» Refuser l’obscurantisme « 

Mariane Pearl, veuve du journaliste américain assassiné au Pakistan en 2002, se bat pour les droits de l’homme. C’est sur ce terrain, dit-elle, qu’il faut répondre au défi terroriste.

A l’occasion du 60e anniversaire de la Déclaration universelle des droits de l’homme et du citoyen, Mariane Pearl a été membre d’un jury qui a décerné, le 6 décembre, à Paris, des prix de journalisme intitulés  » Chaque être humain a des droits « , créés par l’association Internews. Par coïncidence, deux jours plus tard, l’homme qui revendique le meurtre du mari de Mariane, Daniel Pearl, en 2002 au Pakistan, a comparu devant un tribunal militaire américain, dans le camp de Guantanamo. Cerveau présumé des attentats du 11 septembre 2001, il a été confronté, pour la première fois, aux familles des victimes.

Khaled Cheikh Mohammed prétend avoir assassiné votre mari.
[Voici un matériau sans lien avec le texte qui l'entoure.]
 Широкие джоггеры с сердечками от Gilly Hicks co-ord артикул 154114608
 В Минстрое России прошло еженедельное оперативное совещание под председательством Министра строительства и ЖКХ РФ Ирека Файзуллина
Arrêté en mars 2002 et longtemps détenu dans une prison secrète de la CIA, avant son transfert dans le camp de Guantanamo, il a subi des techniques d’interrogatoire assimilées à une forme de torture. Pour vous qui êtes engagée dans la lutte pour les droits de l’homme, quelles réflexions cela vous inspire-t-il ?

E Ce qu’il a subi n’est pas une  » forme  » de torture. C’est une vraie torture. Un homme qui a vécu cela, depuis tant d’années, on peut lui faire dire ce que l’on veut. Le terrorisme engendre une forme d’obscurantisme. A cette obscurité-là il faut opposer une sorte de lumière. Ou alors on se place sur le même terrain. Sur le cas particulier de cet homme, que vous dire ? Tout cela n’a provoqué que de la souffrance.
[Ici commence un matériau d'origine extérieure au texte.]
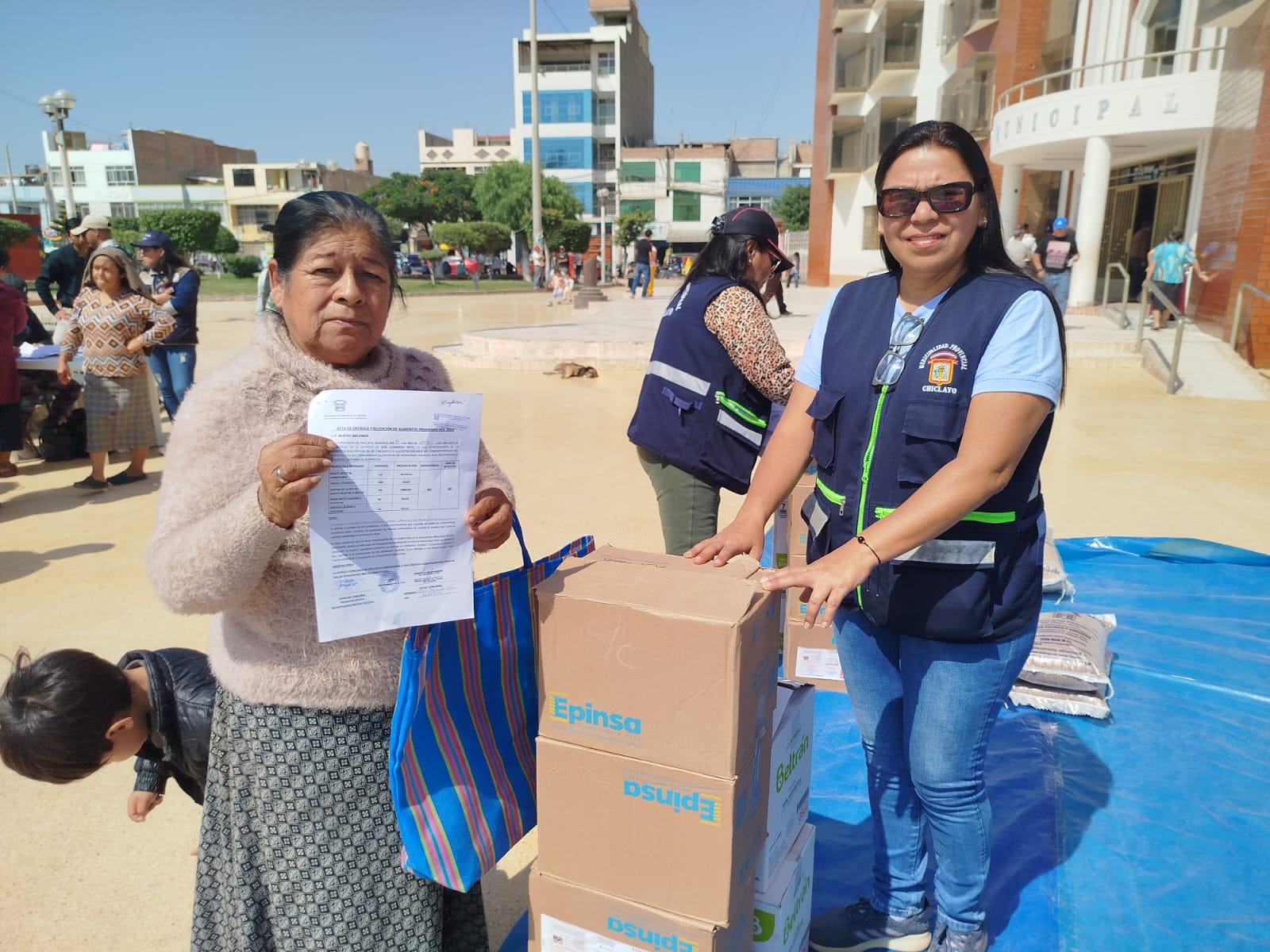 Entrega de alimentos en JLO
Y a-t-il des circonstances dans lesquelles le recours à des techniques d’interrogatoire assimilées à la torture sont acceptables ?
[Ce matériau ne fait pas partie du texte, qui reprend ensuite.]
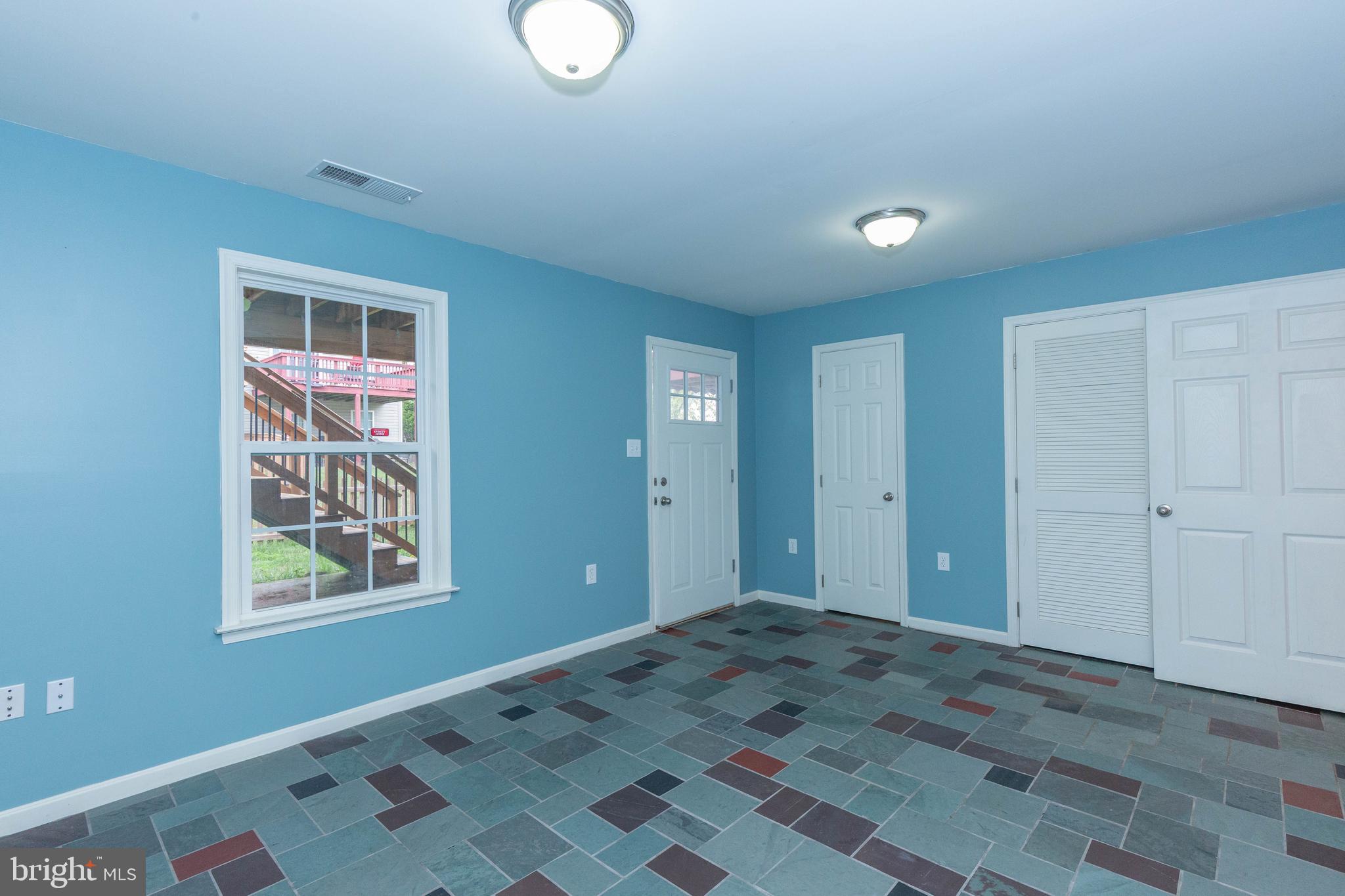 HAMMONDS MILL - Residential Lease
E Je ne peux pas répondre objectivement à cette question. Il y a quelque temps, on m’a interrogée sur la peine de mort dans le cadre d’actes de terrorisme. Moi, j’ai grandi en France, dans un milieu qui s’est réjoui, en 1981, de la suppression de la peine capitale. On était très contents, à l’époque. S’agissant de Khaled Cheikh Mohammed et à titre personnel, je me suis d’abord assurée qu’il était vraiment responsable des actes dont il est accusé, et qu’il les avait commis volontairement et non dans un moment de démence. A partir de là, je me suis prononcée, avec amertume, en faveur de sa mort. Il n’y a aucun doute qu’il était responsable et conscient de ce qu’il faisait. Je me suis livrée, aussi, à un examen personnel : je veux être certaine que je n’attends rien de sa mort. C’est le cas. Elle ne me soulagera pas. Elle ne m’apportera rien. Mais je n’irai pas jusqu’à m’opposer à son exécution. Car je sais maintenant, sans aucun doute, qu’il était responsable et conscient.

Comment éviter de tomber soi-même dans l’obscurantisme, quand on est confronté à une telle violence ?

E L’important est de comprendre ce que recherchent ces gens-là. Ceux qui ont tué Danny, comme ceux qui ont mené des attentats récemment en Inde, suscitent un désir de vengeance. Mais le plus pertinent, à mon sens, est de déterminer le but qu’ils recherchent. Et de promouvoir l’inverse. Ils cherchent à empêcher des journalistes d’enquêter au Pakistan. Alors il faut continuer. Ils cherchent à empêcher le dialogue. Donc, il faut continuer. C’est une vraie guerre. Et il faut aller au plus efficace.